Przypomnijmy, że podczas rządów Kwiatkowskiego w Najwyższej Izbie Kontroli, CBA przyglądało się działaniom ówczesnych władz. Z ustaleń śledczych wynikało, że Kwiatkowski miał wpływać na wyniki konkursów w delegaturach izby, a także samej centrali NIK.
Wówczas PiS zapowiadało Trybunał Stanu dla szefa NIK. Kwiatkowski opuścił urząd i dostał się do Senatu, gdzie dziś piastuje funkcję senatora niezależnego.
Jak informuje "Rz", mimo słów o TS, marszałek Sejmu Elżbieta Witek wciąż nie przesłała wstępnego wniosku o trybunał dla Kwiatkowskiego do Komisji Odpowiedzialności Konstytucyjnej.
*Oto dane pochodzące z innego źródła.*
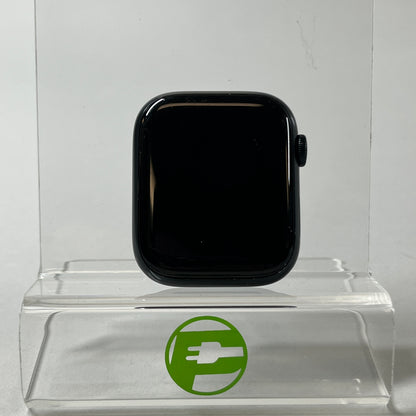 Unlocked Apple Watch Series 8 45MM Aluminum MNVJ3LL/A Face Only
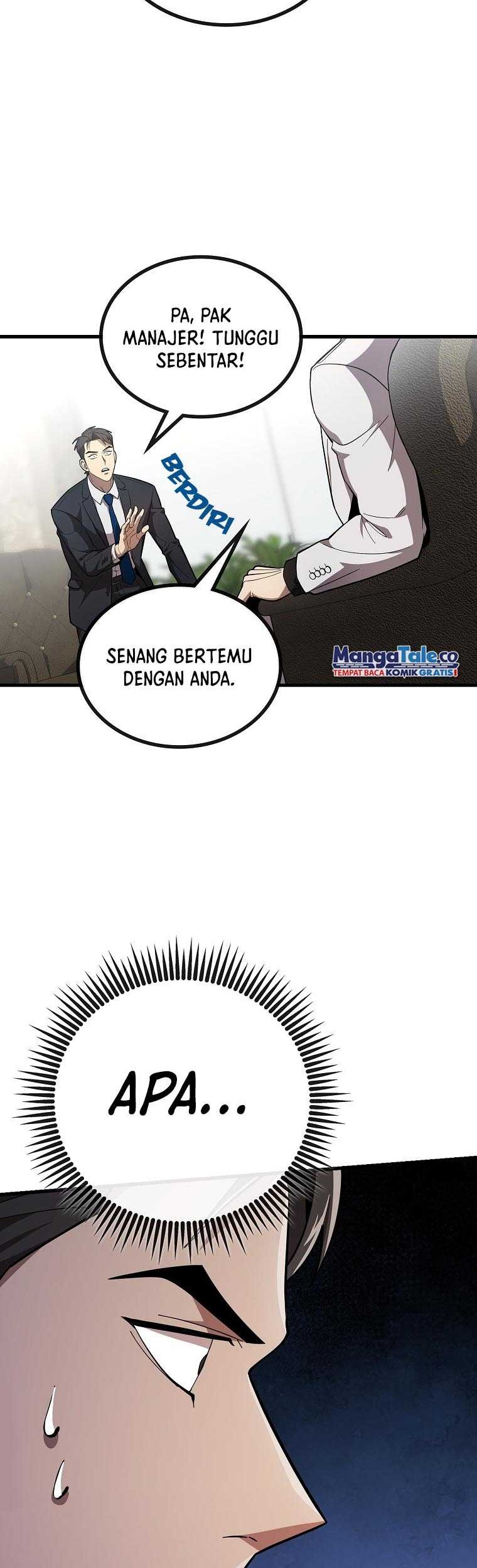 Dark Haired Tactical Genius Chapter 39 Gambar 45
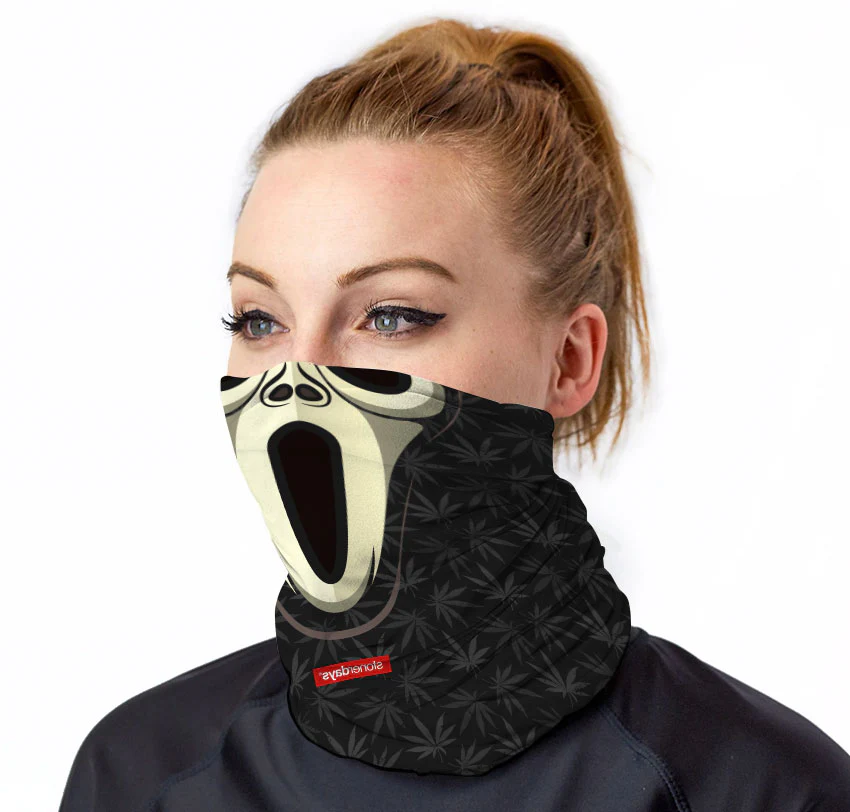 Wazzzup Halloweed Gaiter 2 Wazzzup Halloweed Gaiter at Kinnabis.com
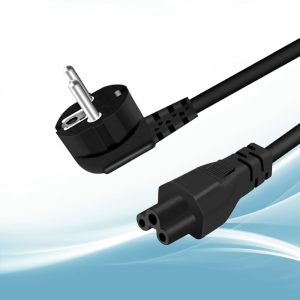 1.5M Universal Laptop 3 Pin Charger Plug Power Adapter Cord Cable For HP Dell Toshiba Sony ASUS Lenovo Samsung Laptop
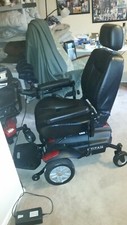 Power wheelchair Titan by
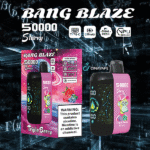 Bang Blaze Starry 50K jednorazové vape – produktový pohľad 06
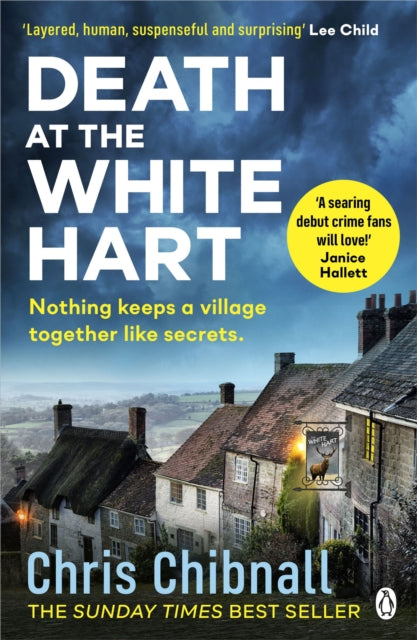 Death At The White Hart 9781405959513 Chris Chibnall
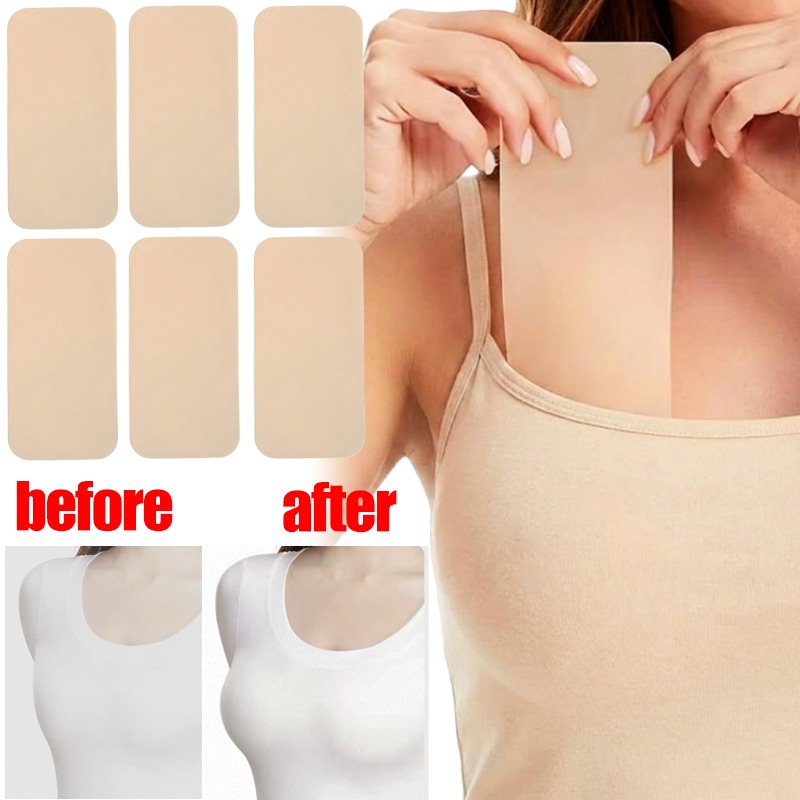 Silicone Breast Lift Tape Self – Push Up Bra Padded Bewertung und Preis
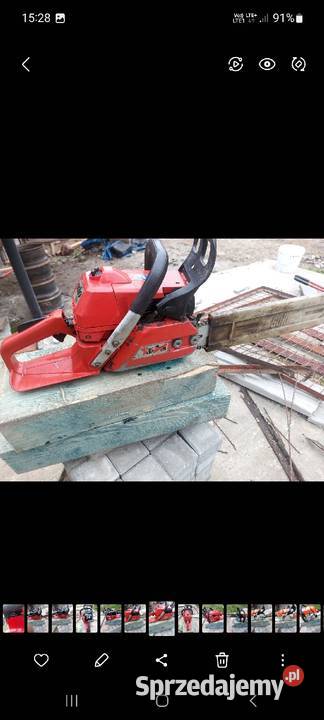 Piła stihl 038 av super Sandomierz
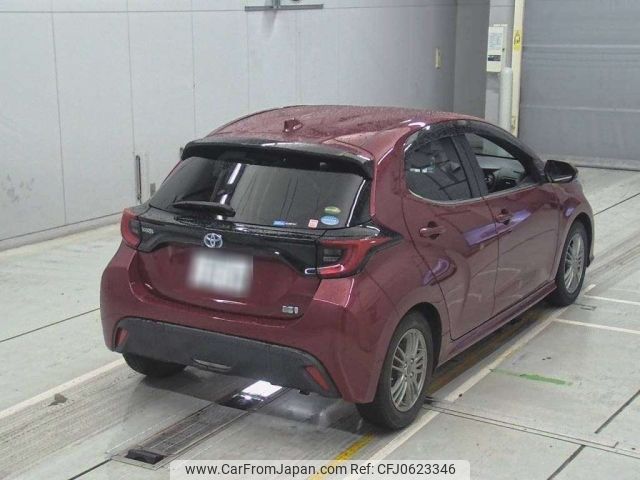 toyota yaris 2020 -TOYOTA 【岐阜 531ひ2125】--Yaris MXPH10-2015001---TOYOTA 【岐阜 531ひ2125】--Yaris MXPH10-2015001- image 2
Wniosek taki jest konieczny, by komisja mogła kontynuować działania w zakresie opisywanej sprawy.
Dlaczego więc marszałek Sejmu zwleka? - pyta "Rzeczpospolita". Centrum Informacyjne Sejmu nie odpowiedziało jednak na zapytanie gazety.
"Rzeczpospolita" przypomina także, że w poprzedniej kadencji sprawą Kwiatkowskiego zajmowała się zarówno komisja, jak i warszawski sąd. Brak kontynuacji prac przez komisję jest więc zaskakujący - analizuje dziennik.
Jego zdaniem, powodem zwłoki jest decyzja polityczna kierownictwa PiS, które zaaprobowało taką taktykę względem Kwiatkowskiego.